Center for Brains, Minds and Machines, MIT, 77 Massachusetts Ave, Cambridge, MA, 02139, United States of America.
Computer Science Department, Goethe University Frankfurt, Frankfurt am Main, Germany.
Sci Rep. 2020 Jan 29;10(1):1411. doi: 10.1038/s41598-019-57261-6.
Though the range of invariance in recognition of novel objects is a basic aspect of human vision, its characterization has remained surprisingly elusive. Here we report tolerance to scale and position changes in one-shot learning by measuring recognition accuracy of Korean letters presented in a flash to non-Korean subjects who had no previous experience with Korean letters. We found that humans have significant scale-invariance after only a single exposure to a novel object. The range of translation-invariance is limited, depending on the size and position of presented objects. To understand the underlying brain computation associated with the invariance properties, we compared experimental data with computational modeling results. Our results suggest that to explain invariant recognition of objects by humans, neural network models should explicitly incorporate built-in scale-invariance, by encoding different scale channels as well as eccentricity-dependent representations captured by neurons' receptive field sizes and sampling density that change with eccentricity. Our psychophysical experiments and related simulations strongly suggest that the human visual system uses a computational strategy that differs in some key aspects from current deep learning architectures, being more data efficient and relying more critically on eye-movements.

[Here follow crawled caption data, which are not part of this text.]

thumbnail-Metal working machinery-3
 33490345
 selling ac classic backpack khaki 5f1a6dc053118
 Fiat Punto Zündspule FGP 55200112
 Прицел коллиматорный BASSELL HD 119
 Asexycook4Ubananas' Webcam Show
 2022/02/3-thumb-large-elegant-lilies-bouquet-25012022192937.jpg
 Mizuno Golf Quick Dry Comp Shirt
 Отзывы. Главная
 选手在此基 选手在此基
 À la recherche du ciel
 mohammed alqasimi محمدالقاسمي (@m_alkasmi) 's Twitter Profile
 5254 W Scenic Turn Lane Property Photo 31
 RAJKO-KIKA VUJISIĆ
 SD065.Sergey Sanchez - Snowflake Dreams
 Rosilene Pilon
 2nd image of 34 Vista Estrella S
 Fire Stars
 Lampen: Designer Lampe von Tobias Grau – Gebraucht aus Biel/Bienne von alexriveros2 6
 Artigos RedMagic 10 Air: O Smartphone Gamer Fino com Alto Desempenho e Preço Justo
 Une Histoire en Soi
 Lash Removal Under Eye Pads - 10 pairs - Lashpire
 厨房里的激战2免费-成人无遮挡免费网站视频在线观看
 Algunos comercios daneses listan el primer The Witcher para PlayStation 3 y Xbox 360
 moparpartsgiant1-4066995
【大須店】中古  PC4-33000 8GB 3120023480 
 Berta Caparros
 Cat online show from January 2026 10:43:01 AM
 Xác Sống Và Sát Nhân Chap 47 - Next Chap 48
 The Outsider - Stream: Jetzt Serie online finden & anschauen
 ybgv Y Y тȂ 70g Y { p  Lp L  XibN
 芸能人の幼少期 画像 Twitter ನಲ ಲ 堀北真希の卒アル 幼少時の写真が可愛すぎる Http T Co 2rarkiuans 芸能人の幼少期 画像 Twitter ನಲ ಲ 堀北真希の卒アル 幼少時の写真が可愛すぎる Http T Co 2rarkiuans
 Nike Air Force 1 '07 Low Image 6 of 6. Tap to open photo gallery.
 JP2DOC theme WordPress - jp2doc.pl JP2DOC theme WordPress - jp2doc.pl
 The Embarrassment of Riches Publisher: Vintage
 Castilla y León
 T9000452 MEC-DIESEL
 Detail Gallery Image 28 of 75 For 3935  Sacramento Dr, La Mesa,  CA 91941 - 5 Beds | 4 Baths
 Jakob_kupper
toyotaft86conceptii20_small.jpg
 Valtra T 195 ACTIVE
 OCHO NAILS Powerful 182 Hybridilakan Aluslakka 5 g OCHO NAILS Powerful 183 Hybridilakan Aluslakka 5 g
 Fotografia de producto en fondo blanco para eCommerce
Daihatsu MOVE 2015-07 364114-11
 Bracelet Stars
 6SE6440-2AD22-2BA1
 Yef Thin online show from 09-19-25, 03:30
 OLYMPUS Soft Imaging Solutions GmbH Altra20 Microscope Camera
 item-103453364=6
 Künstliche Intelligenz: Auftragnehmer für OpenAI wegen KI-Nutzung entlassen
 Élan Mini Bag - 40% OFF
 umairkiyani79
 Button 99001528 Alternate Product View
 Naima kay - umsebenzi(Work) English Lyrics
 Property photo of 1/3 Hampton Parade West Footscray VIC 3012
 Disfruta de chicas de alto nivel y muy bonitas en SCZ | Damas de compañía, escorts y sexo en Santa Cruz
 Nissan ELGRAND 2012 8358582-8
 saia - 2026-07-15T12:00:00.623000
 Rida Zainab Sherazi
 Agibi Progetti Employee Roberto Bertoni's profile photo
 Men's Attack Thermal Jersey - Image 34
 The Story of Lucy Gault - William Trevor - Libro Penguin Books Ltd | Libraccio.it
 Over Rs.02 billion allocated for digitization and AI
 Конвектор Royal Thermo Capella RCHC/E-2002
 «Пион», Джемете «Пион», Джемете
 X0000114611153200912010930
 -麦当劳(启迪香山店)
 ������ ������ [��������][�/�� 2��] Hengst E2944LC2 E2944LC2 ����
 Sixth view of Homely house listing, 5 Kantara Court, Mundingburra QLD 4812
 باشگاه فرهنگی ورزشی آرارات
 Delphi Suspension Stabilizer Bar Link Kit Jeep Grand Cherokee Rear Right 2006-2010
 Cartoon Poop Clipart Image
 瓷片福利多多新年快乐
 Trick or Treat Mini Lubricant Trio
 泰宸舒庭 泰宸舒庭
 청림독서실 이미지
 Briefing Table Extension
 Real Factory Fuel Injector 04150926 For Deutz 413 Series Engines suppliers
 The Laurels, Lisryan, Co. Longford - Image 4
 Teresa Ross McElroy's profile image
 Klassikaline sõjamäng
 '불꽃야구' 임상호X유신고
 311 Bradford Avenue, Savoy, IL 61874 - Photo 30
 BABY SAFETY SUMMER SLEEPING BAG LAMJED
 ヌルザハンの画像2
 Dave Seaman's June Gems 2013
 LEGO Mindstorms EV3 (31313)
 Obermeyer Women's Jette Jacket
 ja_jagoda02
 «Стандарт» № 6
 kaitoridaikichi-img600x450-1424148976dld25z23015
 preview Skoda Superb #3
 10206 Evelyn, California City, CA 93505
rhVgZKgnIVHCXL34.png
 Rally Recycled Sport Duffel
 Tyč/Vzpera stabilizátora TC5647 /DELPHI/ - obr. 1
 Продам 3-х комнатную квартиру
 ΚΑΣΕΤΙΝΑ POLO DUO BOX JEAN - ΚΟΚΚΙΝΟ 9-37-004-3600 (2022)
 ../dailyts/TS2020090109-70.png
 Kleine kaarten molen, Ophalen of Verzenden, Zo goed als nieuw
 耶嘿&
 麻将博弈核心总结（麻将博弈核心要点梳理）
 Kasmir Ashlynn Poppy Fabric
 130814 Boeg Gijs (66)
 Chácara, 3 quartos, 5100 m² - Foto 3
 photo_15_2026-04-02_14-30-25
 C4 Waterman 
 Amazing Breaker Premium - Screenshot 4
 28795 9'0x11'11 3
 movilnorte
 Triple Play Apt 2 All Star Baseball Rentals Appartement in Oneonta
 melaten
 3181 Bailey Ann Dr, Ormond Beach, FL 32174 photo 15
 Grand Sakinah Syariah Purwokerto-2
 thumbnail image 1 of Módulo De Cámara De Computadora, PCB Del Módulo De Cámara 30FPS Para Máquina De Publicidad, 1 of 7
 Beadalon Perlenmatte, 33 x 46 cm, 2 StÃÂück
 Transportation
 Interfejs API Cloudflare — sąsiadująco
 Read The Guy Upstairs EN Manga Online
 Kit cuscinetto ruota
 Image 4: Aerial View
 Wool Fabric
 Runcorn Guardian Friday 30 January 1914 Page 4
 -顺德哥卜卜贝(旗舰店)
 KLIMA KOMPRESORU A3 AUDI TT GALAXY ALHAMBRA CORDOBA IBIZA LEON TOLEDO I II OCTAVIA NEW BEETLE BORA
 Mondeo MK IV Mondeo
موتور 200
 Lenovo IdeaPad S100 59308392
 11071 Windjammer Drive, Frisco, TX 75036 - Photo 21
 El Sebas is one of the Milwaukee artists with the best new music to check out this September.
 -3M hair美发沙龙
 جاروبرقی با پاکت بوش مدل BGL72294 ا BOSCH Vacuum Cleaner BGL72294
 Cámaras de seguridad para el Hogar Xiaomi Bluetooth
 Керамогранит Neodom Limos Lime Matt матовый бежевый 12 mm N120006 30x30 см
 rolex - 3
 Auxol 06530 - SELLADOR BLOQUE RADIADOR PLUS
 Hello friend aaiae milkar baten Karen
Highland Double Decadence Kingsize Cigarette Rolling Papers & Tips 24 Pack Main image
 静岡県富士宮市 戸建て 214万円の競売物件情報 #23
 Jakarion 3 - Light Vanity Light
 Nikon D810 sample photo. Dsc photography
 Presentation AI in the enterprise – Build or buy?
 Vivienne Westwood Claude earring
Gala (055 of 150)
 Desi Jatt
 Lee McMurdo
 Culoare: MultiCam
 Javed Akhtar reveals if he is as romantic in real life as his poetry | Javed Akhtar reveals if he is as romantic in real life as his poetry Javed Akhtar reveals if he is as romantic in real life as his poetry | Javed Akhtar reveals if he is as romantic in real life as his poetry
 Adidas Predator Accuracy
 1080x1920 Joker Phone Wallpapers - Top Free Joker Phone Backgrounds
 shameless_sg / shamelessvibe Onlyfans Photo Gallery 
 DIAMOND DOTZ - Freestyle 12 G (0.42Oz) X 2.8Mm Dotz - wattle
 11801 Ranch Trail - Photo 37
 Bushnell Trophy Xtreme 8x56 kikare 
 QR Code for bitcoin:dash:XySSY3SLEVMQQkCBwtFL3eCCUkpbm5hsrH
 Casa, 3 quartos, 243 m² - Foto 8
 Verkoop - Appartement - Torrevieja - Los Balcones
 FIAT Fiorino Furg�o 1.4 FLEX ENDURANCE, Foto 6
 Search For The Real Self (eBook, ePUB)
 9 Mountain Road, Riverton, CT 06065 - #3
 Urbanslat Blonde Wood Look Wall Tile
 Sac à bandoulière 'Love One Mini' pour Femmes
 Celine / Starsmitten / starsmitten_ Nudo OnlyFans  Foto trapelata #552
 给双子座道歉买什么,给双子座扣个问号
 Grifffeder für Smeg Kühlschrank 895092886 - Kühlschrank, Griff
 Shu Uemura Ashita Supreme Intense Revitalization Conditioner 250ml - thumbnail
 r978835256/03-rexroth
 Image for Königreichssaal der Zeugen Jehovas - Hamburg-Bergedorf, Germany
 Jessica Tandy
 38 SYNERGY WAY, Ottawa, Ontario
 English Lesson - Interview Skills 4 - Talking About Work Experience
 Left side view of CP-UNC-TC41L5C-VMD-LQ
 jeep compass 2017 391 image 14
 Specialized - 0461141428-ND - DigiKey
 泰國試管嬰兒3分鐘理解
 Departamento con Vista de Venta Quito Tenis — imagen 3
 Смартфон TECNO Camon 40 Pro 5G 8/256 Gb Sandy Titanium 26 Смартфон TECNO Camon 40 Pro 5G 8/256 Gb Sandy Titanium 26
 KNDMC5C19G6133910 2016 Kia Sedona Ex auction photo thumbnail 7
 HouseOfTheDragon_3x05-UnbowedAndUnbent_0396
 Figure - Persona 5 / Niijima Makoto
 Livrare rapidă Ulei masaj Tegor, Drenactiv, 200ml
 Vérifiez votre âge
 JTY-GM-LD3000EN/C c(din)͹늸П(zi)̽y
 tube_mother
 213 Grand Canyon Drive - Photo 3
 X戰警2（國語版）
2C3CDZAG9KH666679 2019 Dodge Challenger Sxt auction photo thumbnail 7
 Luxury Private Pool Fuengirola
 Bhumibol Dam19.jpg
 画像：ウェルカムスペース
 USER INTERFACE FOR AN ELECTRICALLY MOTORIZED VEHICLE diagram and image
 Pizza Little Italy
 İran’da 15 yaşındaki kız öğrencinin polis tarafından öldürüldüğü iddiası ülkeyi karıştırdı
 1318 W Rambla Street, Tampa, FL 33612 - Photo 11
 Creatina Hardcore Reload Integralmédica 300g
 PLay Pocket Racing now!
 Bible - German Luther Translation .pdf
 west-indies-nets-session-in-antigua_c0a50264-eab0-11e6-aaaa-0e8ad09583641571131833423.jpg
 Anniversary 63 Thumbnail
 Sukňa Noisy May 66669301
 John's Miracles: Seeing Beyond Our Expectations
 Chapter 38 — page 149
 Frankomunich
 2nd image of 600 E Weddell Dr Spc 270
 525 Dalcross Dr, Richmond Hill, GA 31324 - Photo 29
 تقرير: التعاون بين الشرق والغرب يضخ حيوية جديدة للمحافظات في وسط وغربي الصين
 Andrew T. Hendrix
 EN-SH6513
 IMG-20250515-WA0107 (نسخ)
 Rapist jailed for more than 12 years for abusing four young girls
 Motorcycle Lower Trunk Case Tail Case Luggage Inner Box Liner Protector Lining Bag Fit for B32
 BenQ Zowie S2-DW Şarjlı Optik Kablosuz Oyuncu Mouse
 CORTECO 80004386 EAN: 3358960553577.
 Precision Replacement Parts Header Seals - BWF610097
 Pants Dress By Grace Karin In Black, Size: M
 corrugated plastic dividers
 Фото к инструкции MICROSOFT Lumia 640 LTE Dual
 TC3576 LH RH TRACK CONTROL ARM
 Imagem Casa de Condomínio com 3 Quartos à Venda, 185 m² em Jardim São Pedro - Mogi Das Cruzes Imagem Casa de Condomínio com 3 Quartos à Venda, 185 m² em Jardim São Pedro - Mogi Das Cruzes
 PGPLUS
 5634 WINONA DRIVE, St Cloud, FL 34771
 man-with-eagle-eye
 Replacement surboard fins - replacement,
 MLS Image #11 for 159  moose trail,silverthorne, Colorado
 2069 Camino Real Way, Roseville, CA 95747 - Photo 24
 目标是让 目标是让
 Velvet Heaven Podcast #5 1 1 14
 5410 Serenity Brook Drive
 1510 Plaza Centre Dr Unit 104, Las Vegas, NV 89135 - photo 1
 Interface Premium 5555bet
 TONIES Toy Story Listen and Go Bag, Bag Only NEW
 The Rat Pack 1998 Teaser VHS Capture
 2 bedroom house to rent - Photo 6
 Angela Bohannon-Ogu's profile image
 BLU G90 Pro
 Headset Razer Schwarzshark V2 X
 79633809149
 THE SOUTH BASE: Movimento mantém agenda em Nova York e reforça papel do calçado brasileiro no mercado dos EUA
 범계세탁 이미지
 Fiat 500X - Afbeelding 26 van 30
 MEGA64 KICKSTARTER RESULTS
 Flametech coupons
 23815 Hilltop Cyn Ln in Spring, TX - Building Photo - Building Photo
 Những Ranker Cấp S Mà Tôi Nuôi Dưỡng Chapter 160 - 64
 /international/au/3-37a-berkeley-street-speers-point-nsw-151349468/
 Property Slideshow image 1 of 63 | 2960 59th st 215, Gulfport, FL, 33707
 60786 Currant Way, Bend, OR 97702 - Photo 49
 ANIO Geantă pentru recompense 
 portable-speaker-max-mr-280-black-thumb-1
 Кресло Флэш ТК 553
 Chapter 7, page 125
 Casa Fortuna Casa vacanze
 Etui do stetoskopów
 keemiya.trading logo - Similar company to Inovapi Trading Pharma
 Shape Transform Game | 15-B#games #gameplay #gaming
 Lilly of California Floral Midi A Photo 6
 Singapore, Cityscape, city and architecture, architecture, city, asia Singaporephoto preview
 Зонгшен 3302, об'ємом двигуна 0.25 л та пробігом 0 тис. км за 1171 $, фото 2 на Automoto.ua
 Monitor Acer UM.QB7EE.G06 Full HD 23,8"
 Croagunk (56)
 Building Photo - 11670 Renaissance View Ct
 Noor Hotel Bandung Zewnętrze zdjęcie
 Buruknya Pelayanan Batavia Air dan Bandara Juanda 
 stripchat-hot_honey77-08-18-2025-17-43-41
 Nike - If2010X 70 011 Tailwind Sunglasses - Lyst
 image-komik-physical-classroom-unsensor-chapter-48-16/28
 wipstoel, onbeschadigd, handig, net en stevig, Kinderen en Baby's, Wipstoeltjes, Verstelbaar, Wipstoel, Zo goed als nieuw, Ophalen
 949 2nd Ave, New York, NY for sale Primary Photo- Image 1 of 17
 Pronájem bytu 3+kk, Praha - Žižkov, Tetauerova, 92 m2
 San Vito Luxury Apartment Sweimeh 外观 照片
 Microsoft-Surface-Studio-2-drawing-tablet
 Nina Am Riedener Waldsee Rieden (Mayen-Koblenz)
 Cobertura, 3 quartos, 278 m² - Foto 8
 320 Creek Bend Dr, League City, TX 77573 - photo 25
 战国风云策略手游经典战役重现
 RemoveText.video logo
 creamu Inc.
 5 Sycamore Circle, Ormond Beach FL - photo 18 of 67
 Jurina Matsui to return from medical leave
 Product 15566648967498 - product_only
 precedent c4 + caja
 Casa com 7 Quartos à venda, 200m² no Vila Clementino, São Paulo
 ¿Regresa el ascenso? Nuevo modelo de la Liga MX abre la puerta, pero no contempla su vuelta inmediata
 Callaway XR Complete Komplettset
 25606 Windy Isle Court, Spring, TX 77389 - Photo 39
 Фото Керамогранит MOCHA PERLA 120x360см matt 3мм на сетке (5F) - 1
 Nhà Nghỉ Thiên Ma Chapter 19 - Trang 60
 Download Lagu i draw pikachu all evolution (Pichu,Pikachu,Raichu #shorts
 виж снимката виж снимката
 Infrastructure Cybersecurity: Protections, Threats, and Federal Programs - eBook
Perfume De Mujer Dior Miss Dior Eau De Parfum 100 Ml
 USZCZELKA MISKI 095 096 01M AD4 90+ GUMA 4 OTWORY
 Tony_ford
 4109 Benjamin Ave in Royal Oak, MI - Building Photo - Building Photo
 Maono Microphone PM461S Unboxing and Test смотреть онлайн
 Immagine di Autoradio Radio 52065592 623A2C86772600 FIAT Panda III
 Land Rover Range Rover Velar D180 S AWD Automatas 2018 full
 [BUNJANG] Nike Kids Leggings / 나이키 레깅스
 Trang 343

尽管对新物体的识别不变性范围是人类视觉的一个基本方面,但对其特征的描述仍然出人意料地难以捉摸。在这里,我们通过测量非韩国人在一次闪现中对韩国字母的识别准确率来报告对尺度和位置变化的容忍度,这些非韩国人以前没有接触过韩国字母。我们发现,人类在仅接触一次新物体后就具有显著的尺度不变性。平移不变性的范围是有限的,取决于呈现物体的大小和位置。为了理解与不变性特征相关的大脑计算基础,我们将实验数据与计算建模结果进行了比较。我们的结果表明,为了解释人类对物体的不变识别,神经网络模型应该通过编码不同的尺度通道以及由神经元感受野大小和采样密度捕获的与离轴有关的表示来明确纳入内置的尺度不变性,这些尺度通道和表示会随着离轴而变化。我们的心理物理学实验和相关模拟强烈表明,人类视觉系统使用的计算策略在某些关键方面与当前的深度学习架构不同,它更注重数据效率,更依赖于眼球运动。